Task instructions: Copy the data verbatim and leave out every picture.

Dataset content:
+ + + + + + +

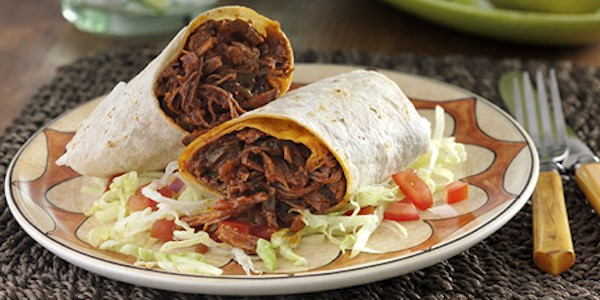 Shredded Beef Burritos
 14 Surprising Foods You Can Make in a Slow Cooker
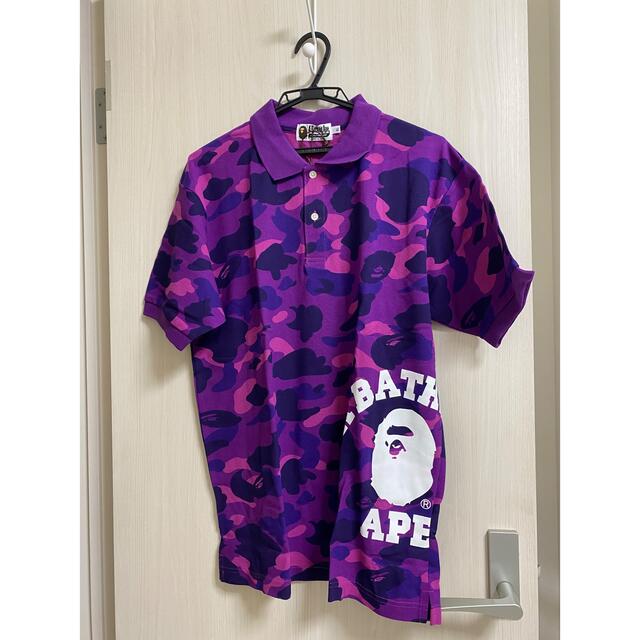 未使用】A BATHING APE 半袖 ポロシャツ メンズ | gellonautos.cl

+ + + + + + +

Reply:
 Shredded Beef Burritos
 14 Surprising Foods You Can Make in a Slow Cooker
 未使用】A BATHING APE 半袖 ポロシャツ メンズ | gellonautos.cl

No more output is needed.